Of course, it all goes hopelessly wrong. By choosing the Norman style they have blown their cover wide open. They can just about get away with the doorways. But the collonaded windows begin to raise suspicion, and once you get inside the churches it is all pretty hopeless - the Norman stone pulpits, Norman stone lecterns, Norman pews, they are all sad and laughable. The aliens are exposed, and sent packing.

19th century restorations in the Norman style are almost uniformly horrible. By the early years of that century, many of Suffolk's churches were in a poor state, but to rebuild some of them in the Norman style was a dreadful mistake, and nowhere in Suffolk was the mid-century rebuilding as comprehensive as here at Stoven. Nothing looks less organic than a mock-Norman building. Here, the fine Norman south door has been used as an inspiration for the rest of the building, as if a new body had been cloned from a single cell.

At first sight, it isn't so bad. The graveyard on the north side is delightful, full of mature trees and 18th century headstones. The shape of the building is good, especially with the sun behind. It is only on approaching that the details make themselves known, and there seems to be no relationship between the styling and the proportions. And where did that tower come from? But there is a heart-warming story here that is worth telling.

In April 1987, this tiny parish was presented with a horrific £200,000 bill for repairs. The Diocesan architect, aware that this was an impossible demand, recommended that the church be partially demolished, enabling the parish to continue using a smaller, fitter building. Funding bodies and charities like English Heritage were unable to help, since the building was only listed at Grade II, and wasn't considered important enough for injections of cash.

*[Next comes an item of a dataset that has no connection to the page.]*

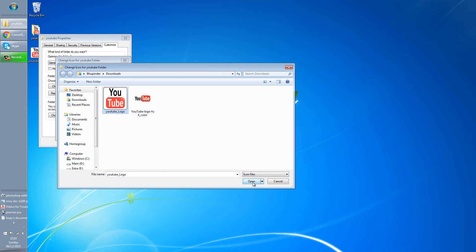You can't select PNG, GIF, or any other format of an image. The format needs to be an icon only so that you could use it as an icon for any folder or any file in your computer.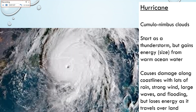A hurricane starts as a cumulonimbus cloud. Most of the hurricanes we get start as a cumulonimbus cloud in Africa. They gain energy from the warm ocean water as they come across near the equator due to the wind pattern that circles there. As that cumulonimbus cloud — that thunderstorm — comes off Africa and starts gaining more and more energy, that's when you get a tropical storm, and then if the tropical storm gains enough energy, it can develop into a hurricane.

Not surprisingly, the Parish Council decided instead to opt for making the building redundant. That way, they could move in with neighbouring Brampton, while the Redundant Churches Fund took over the headache of paying for repairs. The building would be lost to CofE liturgical use, but would be retained as a village landmark, and could also be used for community purposes.

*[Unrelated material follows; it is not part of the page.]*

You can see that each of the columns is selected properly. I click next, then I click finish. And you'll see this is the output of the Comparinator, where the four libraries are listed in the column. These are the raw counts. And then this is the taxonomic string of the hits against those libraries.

The church was declared redundant in January 1989. However, there was bad news ahead. The Redundant Churches Fund decided that the 1854 rebuilding had been so drastic that they could not justify taking St Margaret on. Simply, there was just not enough medieval structure left to justify the expense. The Parish Council asked the Fund to think again. They did, and came to the same conclusion. So St Margaret was put up for sale by the Diocese, pending planning permission for residential or commercial use.

Unfortunately, nobody wanted to buy it. This should really come as no surprise, since few people would be prepared to splash out a six figure sum just to make a structure sound, before even thinking of converting it. The majority of churches sold off during the great wave of redundancies ten years earlier had mostly been in good condition. And now things got desperate, because included in the legislation that governs church redundancies is the clause that, if no no use has been found for a Grade II building within three years, it must be demolished.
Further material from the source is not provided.